Difficulty implementing highway networks

I need to implement a highway network and run it on cifar-10. So far, the highway block looks like this:

class HwNetBasicblock(nn.Module):

    def __init__(self, inplanes, planes, stride=1, downsample=None):
        super(HwNetBasicblock, self).__init__()

        self.conv_a = nn.Conv2d(inplanes, planes, kernel_size=3, stride=stride, padding=1, bias=False)
        self.bn_a = nn.BatchNorm2d(planes)

        self.conv_b = nn.Conv2d(planes, planes, kernel_size=3, stride=1, padding=1, bias=False)
        self.bn_b = nn.BatchNorm2d(planes)

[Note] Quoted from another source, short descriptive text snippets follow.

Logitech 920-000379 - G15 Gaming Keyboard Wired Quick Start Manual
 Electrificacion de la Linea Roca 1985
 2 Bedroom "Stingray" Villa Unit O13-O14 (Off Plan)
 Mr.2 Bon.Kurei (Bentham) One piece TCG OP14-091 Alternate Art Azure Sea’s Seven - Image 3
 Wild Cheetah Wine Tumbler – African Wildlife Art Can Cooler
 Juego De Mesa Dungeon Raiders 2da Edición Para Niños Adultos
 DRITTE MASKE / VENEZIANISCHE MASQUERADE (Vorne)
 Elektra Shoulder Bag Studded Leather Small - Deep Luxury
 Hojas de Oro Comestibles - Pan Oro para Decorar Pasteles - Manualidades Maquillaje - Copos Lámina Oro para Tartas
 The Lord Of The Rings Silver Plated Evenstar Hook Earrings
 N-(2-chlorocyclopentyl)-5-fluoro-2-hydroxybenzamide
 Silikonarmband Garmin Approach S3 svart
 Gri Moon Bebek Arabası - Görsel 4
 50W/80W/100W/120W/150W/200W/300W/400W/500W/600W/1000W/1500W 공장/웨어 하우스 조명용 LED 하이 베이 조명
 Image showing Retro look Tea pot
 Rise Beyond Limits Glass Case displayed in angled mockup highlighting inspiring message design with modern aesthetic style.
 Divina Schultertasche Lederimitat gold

        self.gate = nn.Conv2d(inplanes, planes, kernel_size=3, stride=stride, padding=1, bias=True)

        self.downsample = downsample

        BIAS_INIT = -13
        self.gate.bias.data.fill_(BIAS_INIT)

    def forward(self, x):
        residual = x

        basicblock = self.conv_a(x)
        basicblock = self.bn_a(basicblock)
        basicblock = F.relu(basicblock, inplace=True)

        basicblock = self.conv_b(basicblock)
        basicblock = self.bn_b(basicblock)

        t_activation = self.gate(residual)
        t_value = F.sigmoid(torch.mean(t_activation))

        if self.downsample is not None:
            residual = self.downsample(x)

    return F.relu(residual*(1-t_value) + basicblock*t_value, inplace=True)

I remember, from the highway network paper, that if you go deep (50-100 layers) , you need to initialize the bias of the transform gate to a very small negative number (-7, -15…) . I am trying to do this by using the

        BIAS_INIT = -13
        self.gate.bias.data.fill_(BIAS_INIT)

but this is obviously not working. On CIFAR-10, the 50 layer network goes well above 93% accuracy, while the 100 layer net stops at around 86% .
How can I correctly initialize the biases ?

EDIT:

Is doing this outside the network gonna work?

# initialize the bias
def bias_init(m):
    if isinstance(m, nn.Conv2d):
        BIAS_INIT = -13
        m.bias.data.fill_(BIAS_INIT)



model = CifarResNet(HwNetBasicblock, depth=110, num_classes=10)
model = model.apply(bias_init)
net = model.cuda()

I am using the fact that my normal convolutions have bias=False, and only the gate has bias=True.

# initialize the bias
    def bias_init(m):
        if isinstance(m, nn.Conv2d):
            BIAS_INIT = -13
            m.bias.data.fill_(BIAS_INIT)

    model = CifarResNet(HwNetBasicblock, depth=110, num_classes=10)
    model = model.apply(bias_init)
    net = model.cuda()

The option you suggest should work and I am doing something similar when initializing my networks. If you take a look at https://github.com/pytorch/pytorch/blob/master/torch/nn/init.py it also seems to be the preferred approach of initializing parameters. (Although one of the devs will probably have to tell you if this is actually true)

If only certain layers actually have a bias value you should also additionally be able to do something like:

if not isinstance(m.bias, type(None)): 
    m.bias.data.fill_(value) 

This way you wouldn’t have to worry about bias=True or False explicitly.

EDIT:
When I further think about it you could actually probably do this thing directly in the init of your network similar to the example given in https://github.com/pytorch/vision/blob/master/torchvision/models/resnet.py#L112-L118

for m in self.modules():
        if isinstance(m, nn.Conv2d):
            if not isinstance(m.bias, type(None)):
                 m.bias.data = -13

I intuitively prefer the option of defining the function to initialize/change parameters outside of the model init though as you can just call it on the model whenever you want, instead of just in the constructor.